Я поехал с таким расчетом, чтобы перехватить отступающие части Черниенко, хотя мне как-то не верилось в это «неудержимо бегут». Нет, что-то не так. На заднем сиденье — помначполитотдела по комсомолу майор Кузнецов и инспектор поарма майор Гетьман. Притаились, молчат. Полчаса назад они, едва держащиеся на ногах от усталости, вернулись от Кривошеина и хорошо представляют себе последствия прорыва обороны…
Мост у речушки разбит прямым попаданием. Не так-то легко было угодить в него — на берегу десятки глубоких воронок.
Метрах в ста восточнее уже освоен объезд через смятый ивняк, по пшеничному полю.
Когда мы подъехали, навстречу неглубоким бродом шли танки. Словно обрадованные неожиданным купанием, они бодро выскакивали на отлогий берег, оставляя после себя на песке широкую мокрую полосу. С гусениц свешивались водоросли.
На переправе распоряжался подполковник в кителе, перешитом из желтой английской шинели (такие кителя входили во фронтовую моду).
— Не Коновалов ли? — повернулся я к Кузнецову и Гетьману.
— Вроде бы он.
Значит, это одна из бригад корпуса Черниенко. Выхожу из машины. Подполковник бежит навстречу.
— Товарищ генерал, начальник политотдела бригады подполковник Коновалов… Второй батальон отходит за Псел.
— Кто разрешил?
— Тут… — Коновалов явно смущен. — Радиограмму одну перехватили…
— Поворачивайте назад. Немедленно! На командном пункте корпуса атмосфера деловитого спокойствия. Мы ждали чего угодно, но не этого.
— Отвратительно получилось, — морщится Черниенко. — Был в частях. Вдруг радист приносит радиограмму, перехватил. Адресована командующему армией. Мы деремся, а этот докладывает командующему, будто «бежим»… Тут подходил отдельный танковый полк. Нам на усиление. А этот решил, будто противник в тыл прорвался. Сам запаниковал да еще несколько таких, как он… Вот и доложил. Еще считал, что геройский шаг совершает…
Черниенко не называл по фамилии начальника связи. Все свое презрение он вкладывал в слово «этот».
— Посадили его. Пусть трибунал решает — дурак или провокатор. Заверьте Никиту Сергеевича: корпус будет драться до последнего, но не побежит.
Уже смеркалось, когда мы с Н.С. Хрущевым и Журавлевым поднялись на высотку к югу от нашего КП. Завтра эта высотка должна была стать наблюдательным пунктом, и сейчас Подгорбунский со своими разведчиками устанавливал здесь двурогую стереотрубу, углублял щели. Вместо пилотки на голове у него была серая пропыленная повязка, левая рука висела на бинте.
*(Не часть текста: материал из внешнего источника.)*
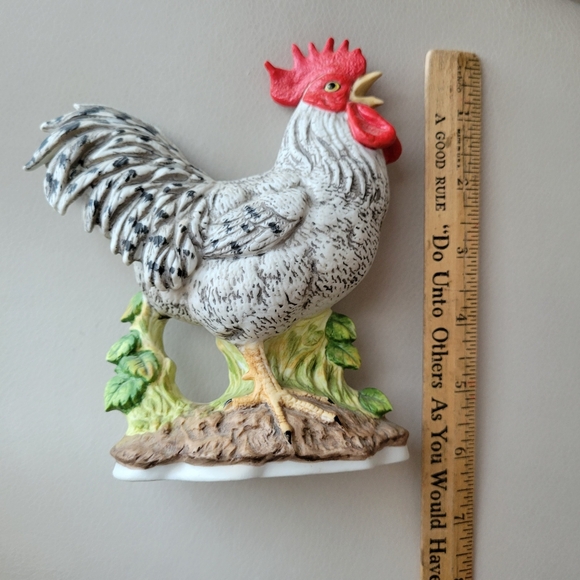 Lefton Vintage Rooster Figurine 03477 Handpainted ~ Taiwan ~Farmhouse ~ Cute! - Picture 11 of 16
Подгорбунский по-уставному представился Хрущеву, спокойно отвечал на вопросы. В его словах не чувствовалось нервозной лихости. Но глаза, как всегда, блестящие, живые.
— Что у вас с рукой и с головой? — спросил Хрущев. Подгорбунский хмуро усмехнулся:
— Пуля — дура (показал на голову), штык — молодец (кивнул на руку).